EXERCISE:
Leave out any pictures and transcribe all other data below exactly.
[[ RAW DATA open ]]
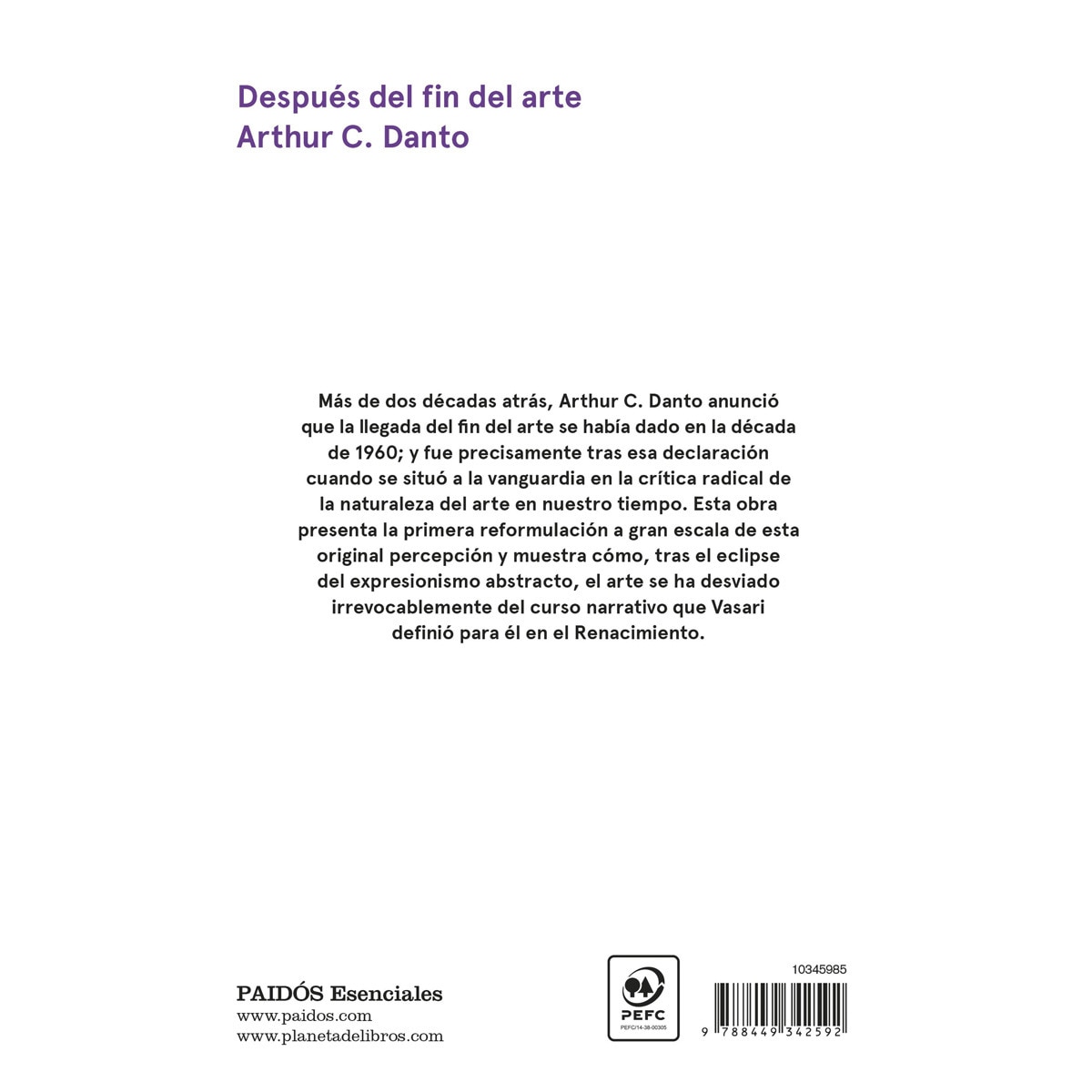 Después del fin del arte (Capa mole com abas) 2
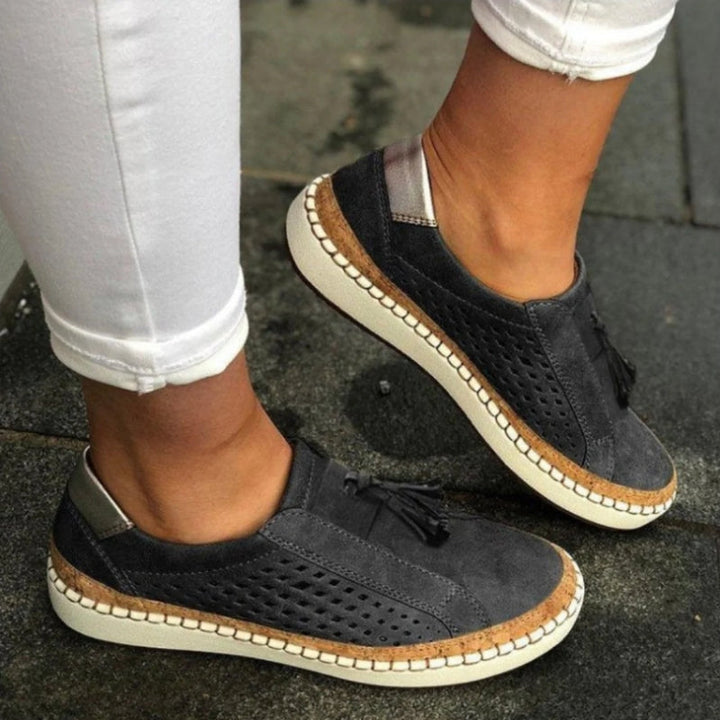 Veda - Zapatos sin cordones con plantilla acolchada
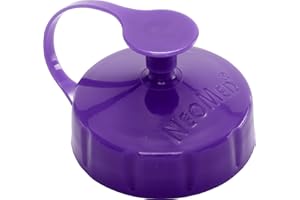 DPEI XUAN NeoConnect ENFit Transfer Lid - 10 Pack - Purple, Plastic, Snap Closure - Fits 40.5mm Openings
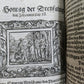 1569 SERMONS by WILD ILLUSTRATED PIGSKIN FOLIO antique BANNED by CHURCH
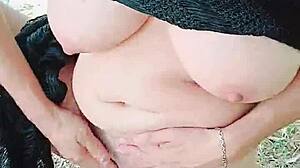 Amateur Brunette Latina Babe Shows Big Natural Tits And Ass Outdoors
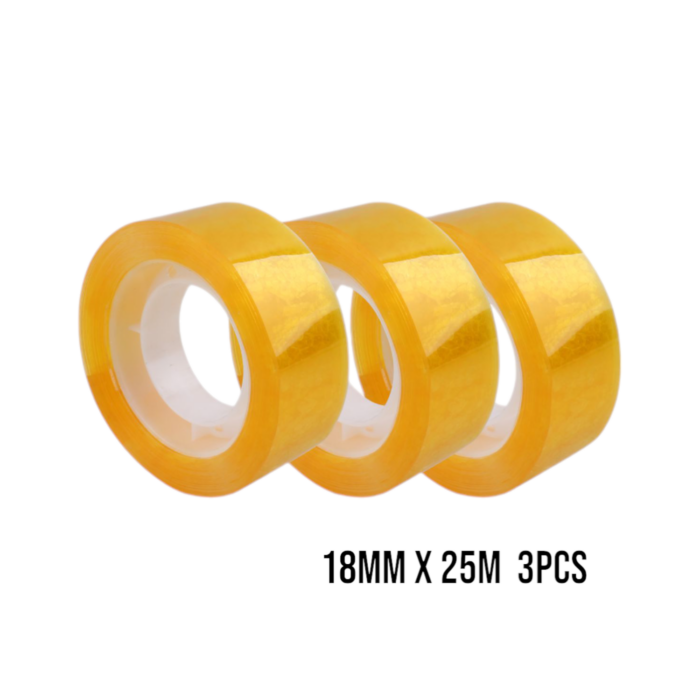 62343285 3 piezas de cinta adhesiva pequeña dorada 1.8cm x 25m (4 mil) - Imagen 1
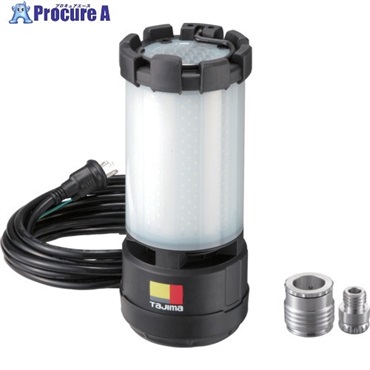 タジマ LED投光器 ワークライトKJR 10000lm(AC電源) 全方位照射 KJRZ10A-AC  1個 ▼711-1597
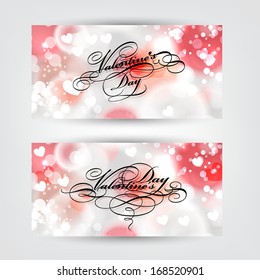 Happy Valentine's Day Hand Lettering - Typographical Background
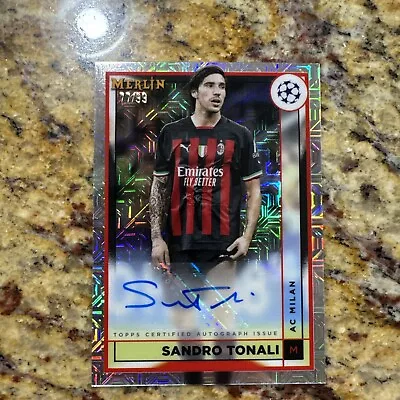 Sandro Tonali 2022-23 Topps Merlin Chrome UEFA Auto Mojo Refractor AC Milan /99 • $4.99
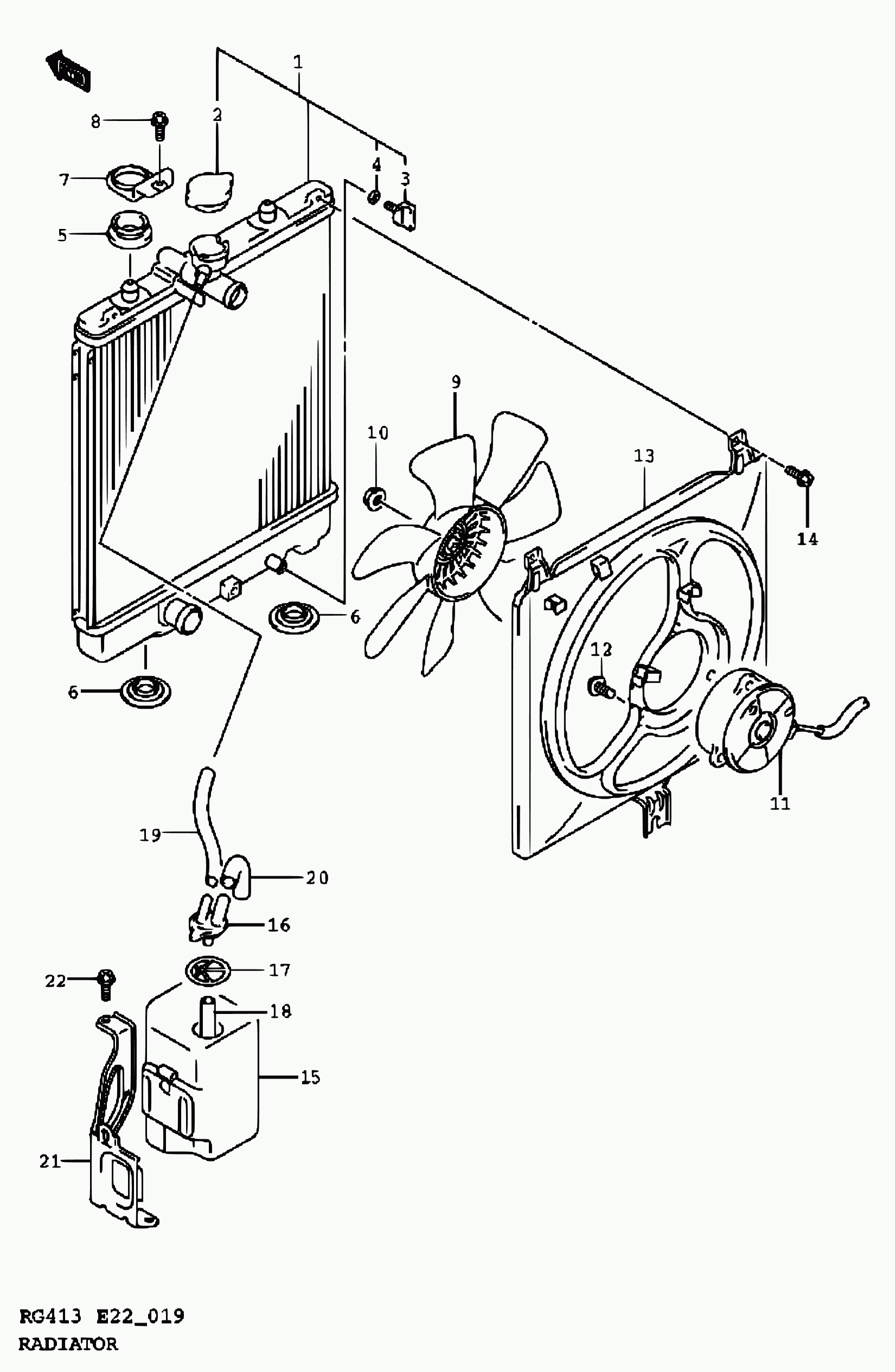 FIAT 17920-75F00 - Låslock, kylare xdelar.se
[[ RAW DATA closed ]]
EXERCISE ANSWER:
 Después del fin del arte (Capa mole com abas) 2
 Veda - Zapatos sin cordones con plantilla acolchada
 DPEI XUAN NeoConnect ENFit Transfer Lid - 10 Pack - Purple, Plastic, Snap Closure - Fits 40.5mm Openings
 1569 SERMONS by WILD ILLUSTRATED PIGSKIN FOLIO antique BANNED by CHURCH
 Amateur Brunette Latina Babe Shows Big Natural Tits And Ass Outdoors
 62343285 3 piezas de cinta adhesiva pequeña dorada 1.8cm x 25m (4 mil) - Imagen 1
 タジマ LED投光器 ワークライトKJR 10000lm(AC電源) 全方位照射 KJRZ10A-AC  1個 ▼711-1597
 Happy Valentine's Day Hand Lettering - Typographical Background
 Sandro Tonali 2022-23 Topps Merlin Chrome UEFA Auto Mojo Refractor AC Milan /99 • $4.99
 FIAT 17920-75F00 - Låslock, kylare xdelar.se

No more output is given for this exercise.